THE SUPREME COURT has decreed that the government is on solid ground when it bans the sale of “girlie” magazines to a minor but tramples on the Constitution when it tries to block that minor from buying a violent video game in which he can (virtually) mutilate and murder a realistic depiction of a woman.
The distinction makes no sense — in the real or the virtual world.
Monday’s decision came in the case of a California law that sought to ban stores from renting or selling violent video games to youths under the age of 18 unless they received parental approval. The law labels a game as violent if it appeals to a “deviant or morbid interest of minors,” lacks “serious literary, artistic, political, or scientific value for minors,” and allows minors to “inflict serious injury” that is “especially heinous, cruel, or depraved.” This language comes directly from previous Supreme Court decisions involving prohibitions against the sale of pornography to underage youth.
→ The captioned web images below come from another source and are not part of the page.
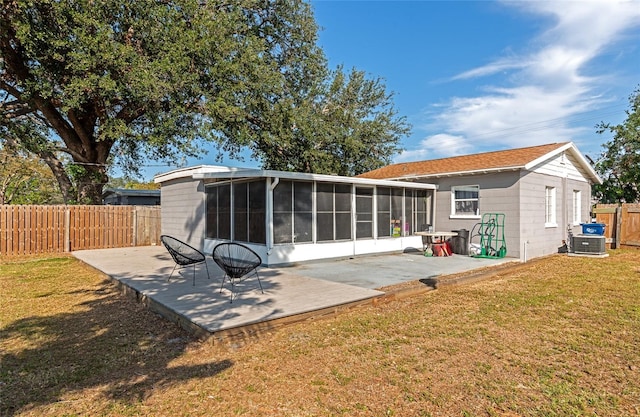 rear view of property with a patio, a sunroom, and a lawn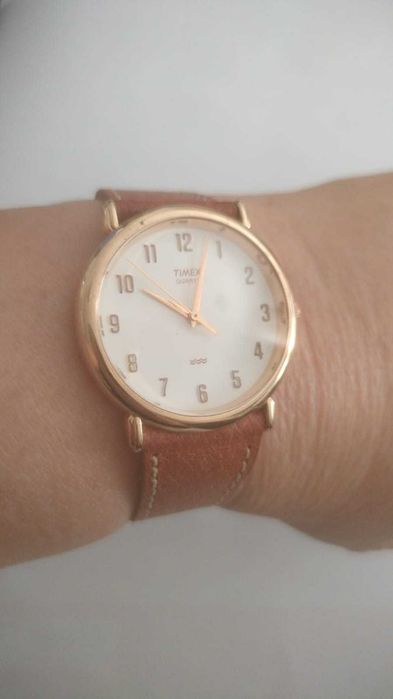 Timex, em estado novo, dourado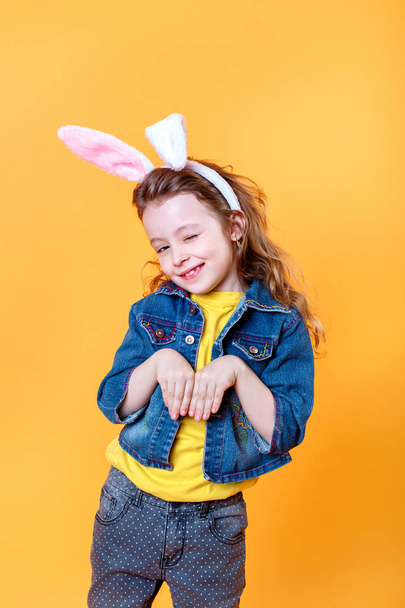 Being the best easter bunny. Cute little girl wearing bunny ears - Foto, immagini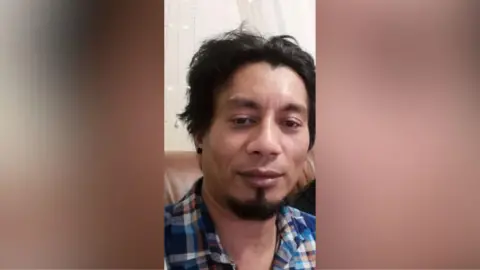 Ruben Alexandre Guimares who had short black hair and a black goatee. He is wearing a blue and orange gingham shirt and sitting on a brown sofa. 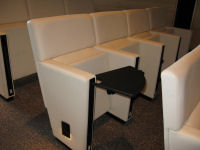 Auditorium seat with writing table extended.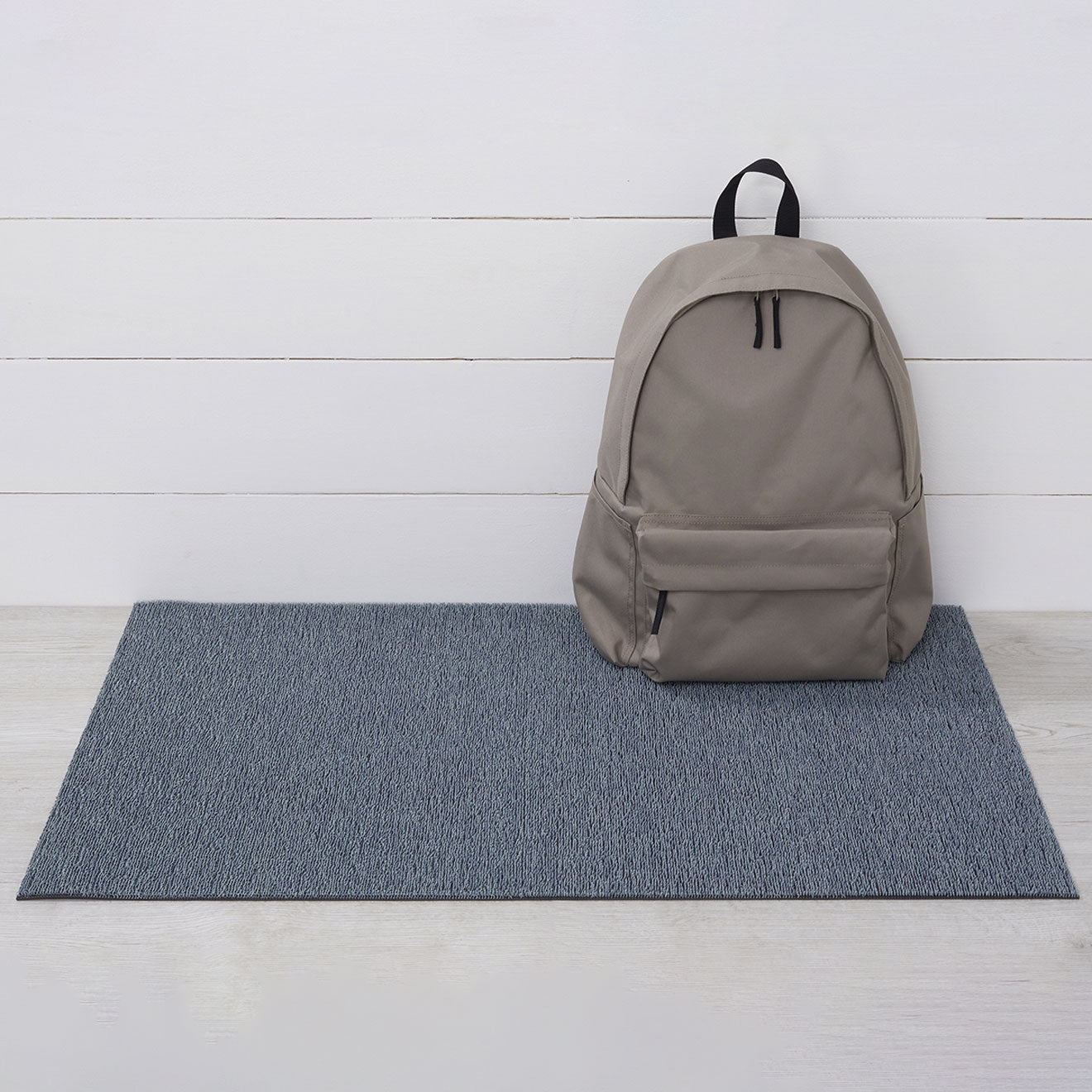 Chilewich woven floor mat in neutral woven terrastrand yarn, durable and stylish for modern living spaces.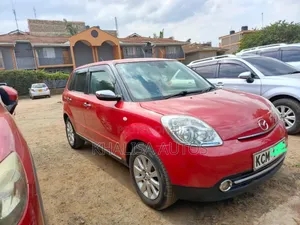 Mazda Verisa 2010 Red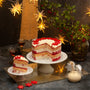 A tall Xmas cake with different coloured layers, topped with white ganache and red flowers, on a festive background.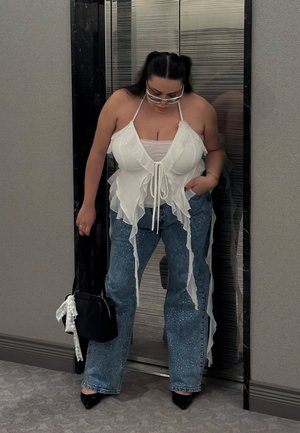 Top blanco con volantes en capas, jeans de talle alto azul claro con adornos y tacones negros de punta. Bolso negro con un detalle de cinta.
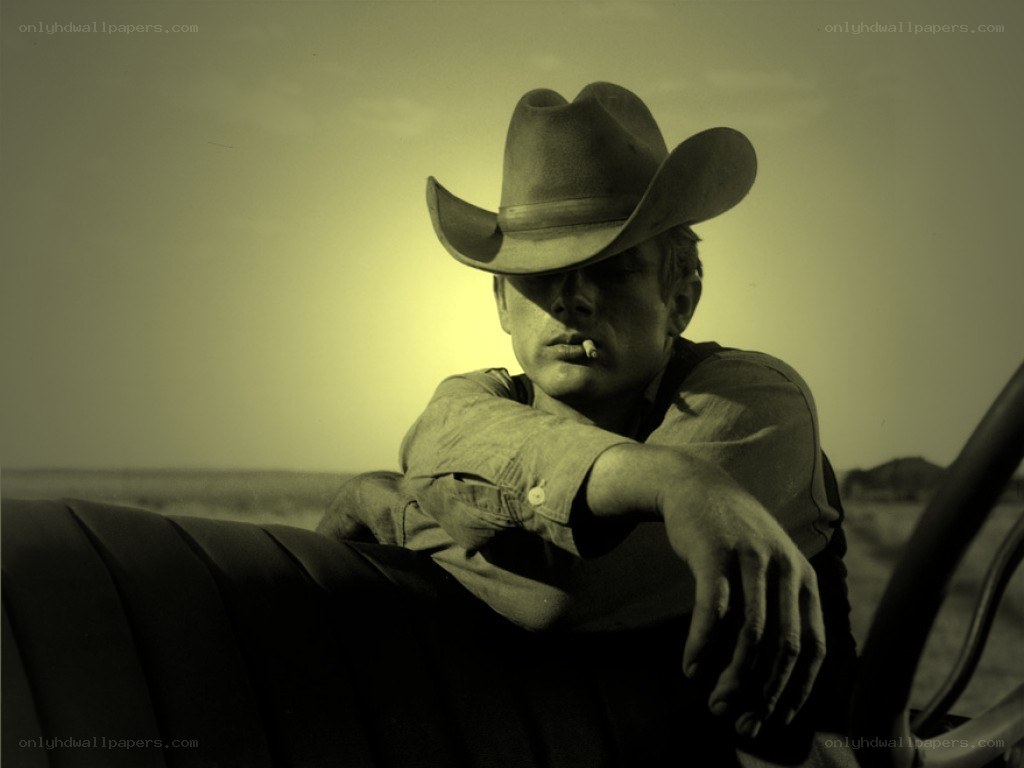 man in cowboy hat with cigarette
Justice Antonin Scalia, writing for the majority, concluded that California failed to articulate a “compelling” state interest for the legislation because of uncertainty over whether children are actually harmed by playing such games. He also found that the law constituted a novel and unconstitutional “restriction on content,” noting that the country has a long tradition of shielding children from sexual — but not violent — content.
A key precedent in the case involved a ruling from last term that struck down a law that criminalized depictions of animal cruelty. That law made it a crime for anyone to produce, buy or sell such things as “crush” videos, where small animals are tortured or killed for the sexual gratification of viewers. We agreed with the court in that case: Even this kind of reprehensible “speech” is entitled to First Amendment protection; the government, by and large, should not be in the business of telling adults what kinds of videos they may view.
The California law is different because it dealt only with reasonable limitations on minors’ access to extremely violent games that even the video game industry acknowledges are inappropriate. The rights of minors are often justifiably curtailed in ways that would violate the Constitution if applied to adults. Take, for example, prohibitions against selling alcohol and tobacco products to juveniles. The California law did nothing to infringe on the rights of adults to purchase violent video games, and manufacturers remained free to create and market these videos. They could even sell them to minors — as long as a parent or legal guardian approved.
Because the court has set a high bar for future government attempts to limit sales to children, the onus is on the video game industry to ensure compliance with its voluntary rating system. When California enacted its law, the Federal Trade Commission reported that some 70 percent of minors between the ages of 13 and 16 were able to buy violent video games rated “M” for “mature.” The industry — wisely and in an effort to ward off further regulation — has done a commendable job since then in beefing up enforcement, but an FTC update shows that some 20 percent of minors are still able to buy age-inappropriate games. The industry must surely be breathing a sigh of relief after the court’s ruling, but the diminished threat of government intervention should in no way impede efforts to keep the most violent games out of the hands of children.